NeuronSpark-0.9B-Chat

Introduction

NeuronSpark-0.9B-Chat is the instruction-tuned chat version of NeuronSpark-0.9B — a 0.87-billion parameter language model built entirely on Spiking Neural Networks (SNNs). It has been fine-tuned on a small subset of BelleGroup 3.5M Chinese instructions to enable basic dialogue capabilities.

Note on training data: Due to limited compute resources, both pretraining and SFT used only small subsets of their respective datasets (pretrain ~1.4B of ~10B tokens; SFT ~6.5K steps of ~3.5M samples). Despite this minimal data budget, the model demonstrates coherent Chinese dialogue — validating that pure SNN architectures can learn language from scratch. We plan to scale training with more data and compute in future work.

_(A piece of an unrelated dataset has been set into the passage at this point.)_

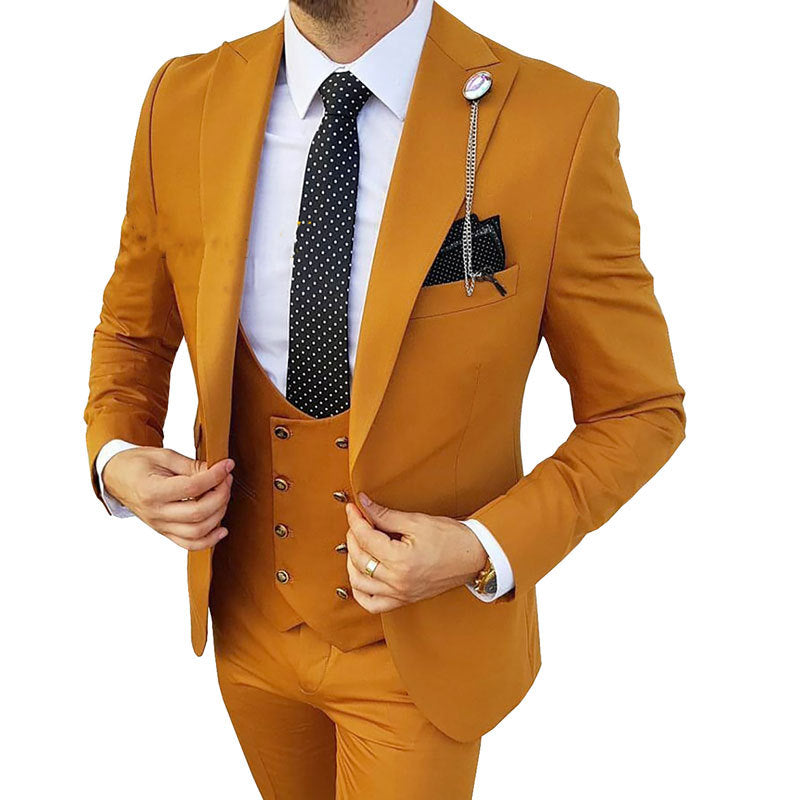Costum din trei piese pentru bărbați, la modă, cu efect de subțiere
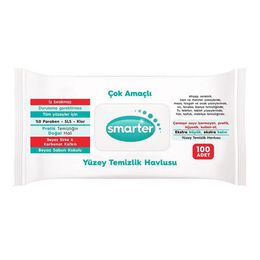 Smarter 100 Yaprak Beyaz Sabun Kokulu Yüzey Temizlik Havlusu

For the pretrained base model, see NeuronSpark-0.9B.

Model Details

Attribute	Value
Parameters	874M
Architecture	SNN Hidden State Space Model
Hidden Dimension (D)	896
Layers	20
SNN Timesteps (K)	16 (PonderNet adaptive)
State Expansion (N)	8
FFN Dimension	2688
Vocabulary	6144 (custom BPE)
Context Length	512 tokens
Base Model	NeuronSpark-0.9B (pretrained 85K steps)
SFT Data	BelleGroup train_3.5M_CN
SFT Steps	6,500
Chat Template	ChatML
License	Apache 2.0

Quickstart

from transformers import AutoModelForCausalLM, AutoTokenizer

model = AutoModelForCausalLM.from_pretrained(
    "Brain2nd/NeuronSpark-0.9B-Chat",
    trust_remote_code=True,
)
tokenizer = AutoTokenizer.from_pretrained("Brain2nd/NeuronSpark-0.9B-Chat")

# Chat
messages = [
    {"role": "system", "content": "你是一个AI助手"},
    {"role": "user", "content": "中国的首都是哪里？"},
]
text = tokenizer.apply_chat_template(messages, tokenize=False, add_generation_prompt=True)
input_ids = tokenizer(text, return_tensors="pt")["input_ids"]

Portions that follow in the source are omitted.